Art venue “El Espacio 23” looks beyond borders

Art venue “El Espacio 23” looks beyond borders

By Karen-Janine Cohen

Miami’s global connections are not only financial but cultural as well, and supercharging this social scene is one of the city’s youngest art venues – El Espacio 23 in Allapattah, the western neighborhood where numerous galleries and museums (most notably the Rubel) have landed after fleeing more expensive venues in Wynwood and elsewhere.

`El Espacio 23 is an endeavor of art-lover Jorge M. Pérez, chairman and CEO of the Related Group and a founding spirit and philanthropist of downtown’s eponymously named Pérez Art Museum Miami (PAMM). El Espacio 23 is casting a wide international net, with a pointed focus on contemporary African works. As it prepares for its fall show – the fourth since opening in 2019 – curators will call into conversation art from the African diaspora, particularly in Latin America and the U.S., with art and artists from the motherland.

While the treasure trove of art Pérez donated to the PAMM was rich in Latin American mid-century artists and connects to Pérez’s Cuban roots, the El Espacio 23 collection is different. Here, the emphasis is toward a more contemporary and international scope. While the works of older artists are not ignored, living artists are the focus.

El Espacio 23’s inaugural show, “Time for Change: Art and Social Unrest in the Jorge M. Pérez Collection,” displayed works by more than 80 artists from around the world. The space’s second exhibit, “WITNESS: Afro Perspectives from the Jorge M. Pérez Collection,” featured upwards of 100 works from African and African diaspora artists. The upcoming show, scheduled for November, will also feature contemporary African artists, and those with a connection to the continent.

Such links stood out when researching and collecting Cuban, Brazilian, and African American art, says Anelys Alvarez, assistant curator at El Espacio 23, the Jorge M Pérez Collection, and the Related Group. “For many artists, Africa ties together the different areas of concentration,” she says, creating a web of connections encompassing African American artists, Afro-Cuban artists, Afro-Brazilian artists, and others with cultural or ancestral ties to the continent.

One need not wait until after hurricane season to visit El Espacio 23, however. It has a terrific show going on through the end of July. “You Know Who You Are, Recent Acquisitions of Cuban Art from the Jorge M. Pérez Collection,” is a sharp, wry, often painful look at the work of mostly contemporary Cuban artists. 

El Espacio itself is two connected warehouses – high ceilinged and expansive, with a lively, energetic feel, and a conceptual approach both accessible and pointed. Upon entering the 28,000-square-foot venue, an inviting pair of couches bracket what at first appears like a typical coffee table covered with books. Yet a closer look reveals the books are wood.
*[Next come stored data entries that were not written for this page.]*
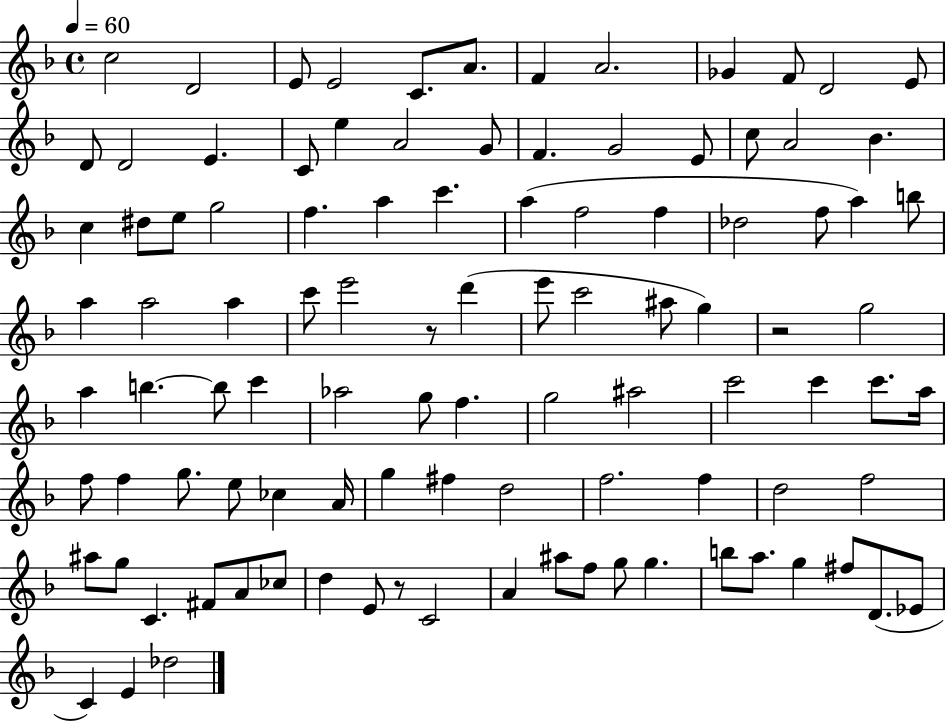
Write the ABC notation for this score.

X:1
T:Untitled
M:4/4
L:1/4
K:F
c2 D2 E/2 E2 C/2 A/2 F A2 _G F/2 D2 E/2 D/2 D2 E C/2 e A2 G/2 F G2 E/2 c/2 A2 _B c ^d/2 e/2 g2 f a c' a f2 f _d2 f/2 a b/2 a a2 a c'/2 e'2 z/2 d' e'/2 c'2 ^a/2 g z2 g2 a b b/2 c' _a2 g/2 f g2 ^a2 c'2 c' c'/2 a/4 f/2 f g/2 e/2 _c A/4 g ^f d2 f2 f d2 f2 ^a/2 g/2 C ^F/2 A/2 _c/2 d E/2 z/2 C2 A ^a/2 f/2 g/2 g b/2 a/2 g ^f/2 D/2 _E/2 C E _d2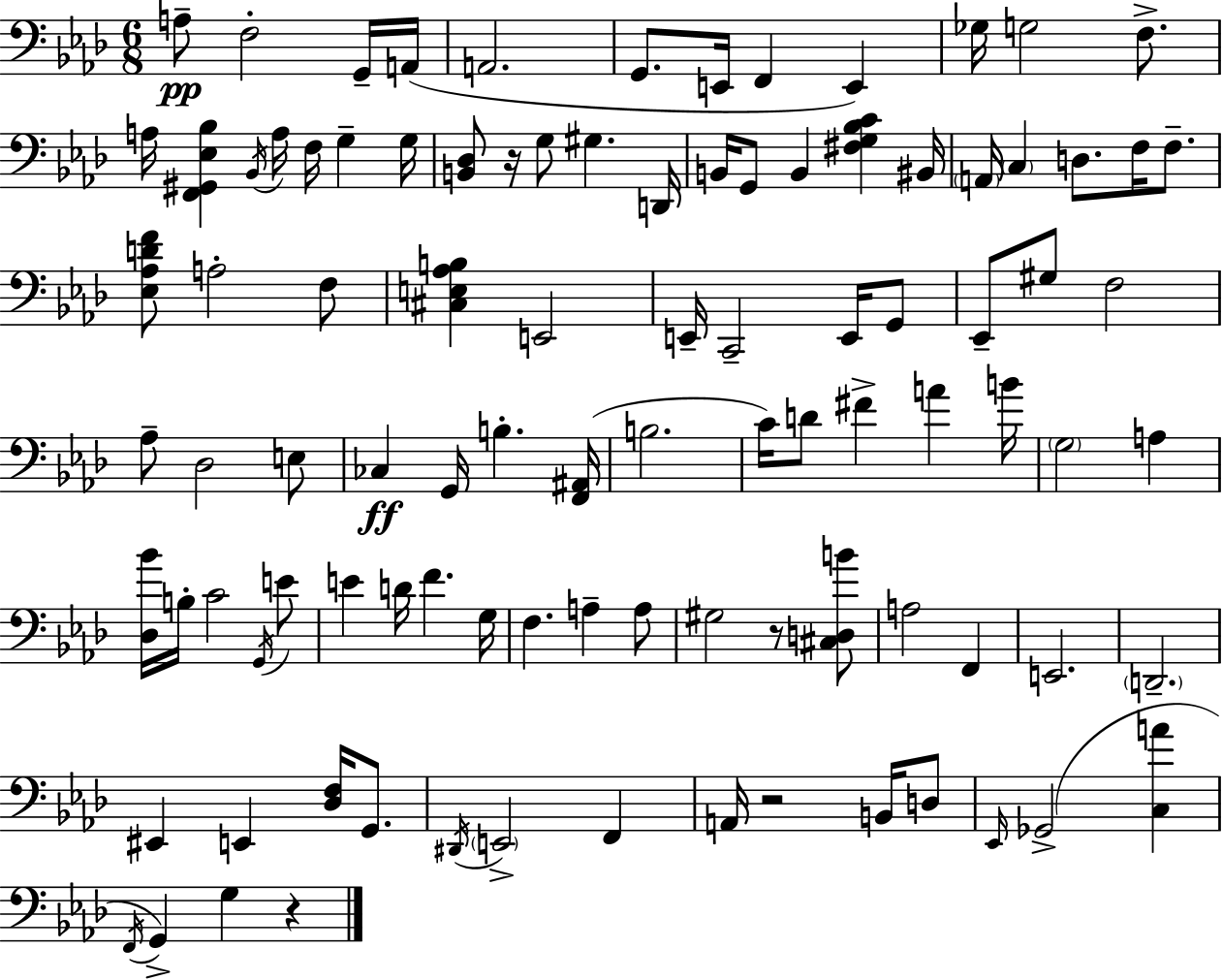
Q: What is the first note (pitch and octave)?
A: A3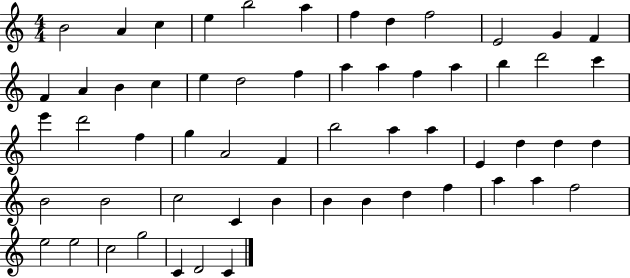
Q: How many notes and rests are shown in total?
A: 58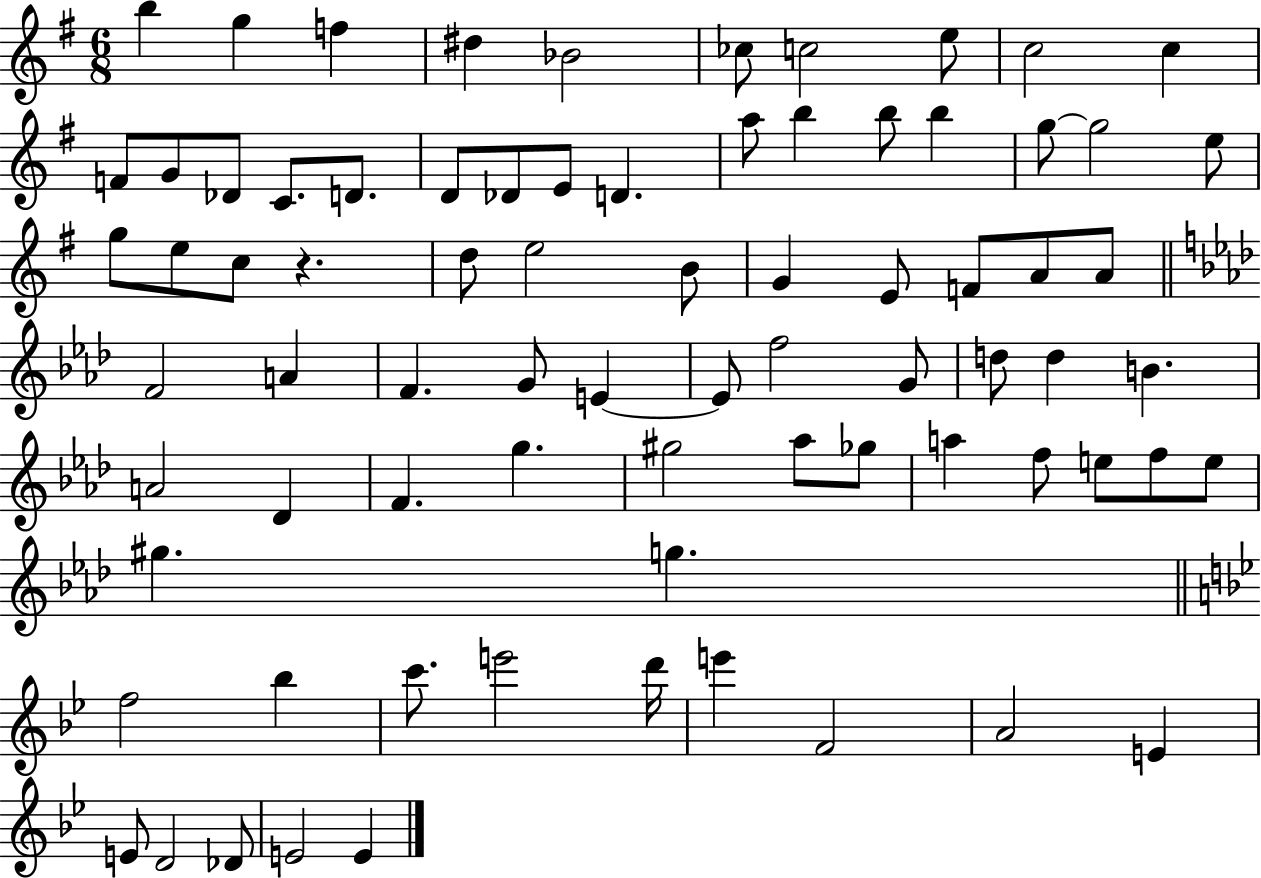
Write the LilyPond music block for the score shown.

{
  \clef treble
  \numericTimeSignature
  \time 6/8
  \key g \major
  b''4 g''4 f''4 | dis''4 bes'2 | ces''8 c''2 e''8 | c''2 c''4 | \break f'8 g'8 des'8 c'8. d'8. | d'8 des'8 e'8 d'4. | a''8 b''4 b''8 b''4 | g''8~~ g''2 e''8 | \break g''8 e''8 c''8 r4. | d''8 e''2 b'8 | g'4 e'8 f'8 a'8 a'8 | \bar "||" \break \key aes \major f'2 a'4 | f'4. g'8 e'4~~ | e'8 f''2 g'8 | d''8 d''4 b'4. | \break a'2 des'4 | f'4. g''4. | gis''2 aes''8 ges''8 | a''4 f''8 e''8 f''8 e''8 | \break gis''4. g''4. | \bar "||" \break \key g \minor f''2 bes''4 | c'''8. e'''2 d'''16 | e'''4 f'2 | a'2 e'4 | \break e'8 d'2 des'8 | e'2 e'4 | \bar "|."
}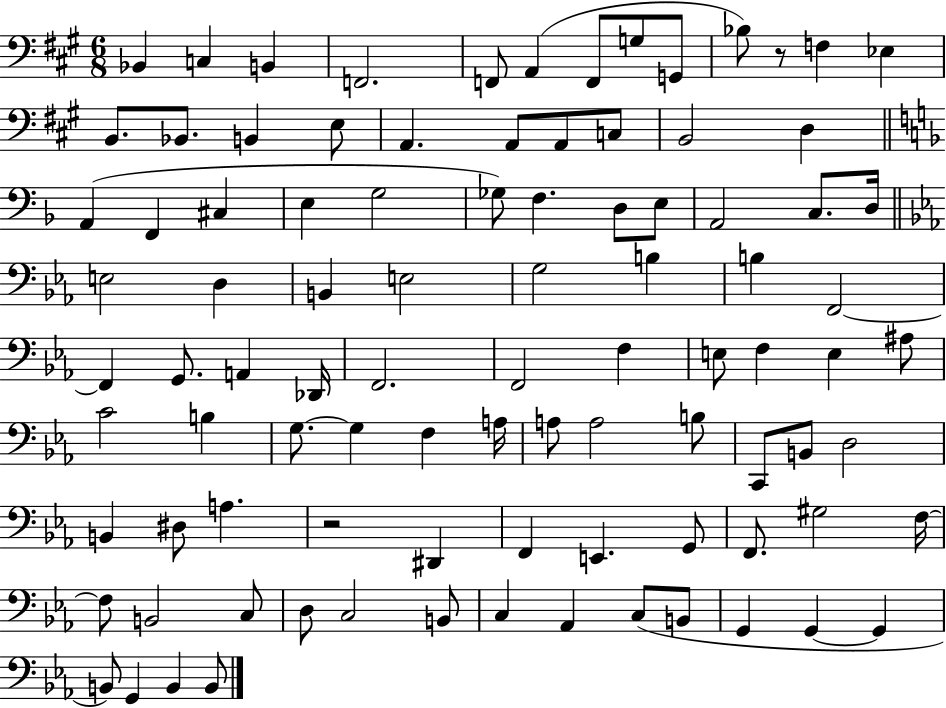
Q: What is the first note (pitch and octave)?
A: Bb2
It’s the work of Lester Alvarez, who is speaking about censorship with “books” that were never published and are impossible to read anyway. 

Other standouts among the treasure trove of “commentary” art, laced with aesthetic and intimate experience, are the wooden sculptures of Luis Manuel Otero Alcántara. The table-top size figures are from the series “Los héroes no pesan” (Heroes do not carry weight) and demand attention. The rough-hewn human shapes, which seem to snarl with vulnerability, are created from reclaimed wood and reference, in part, Cuban veterans of the Angola War. 

Alcántara himself, who was named by Time magazine as one of the most influential people of 2021, was sentenced for his activism to a Cuban jail, where he remains.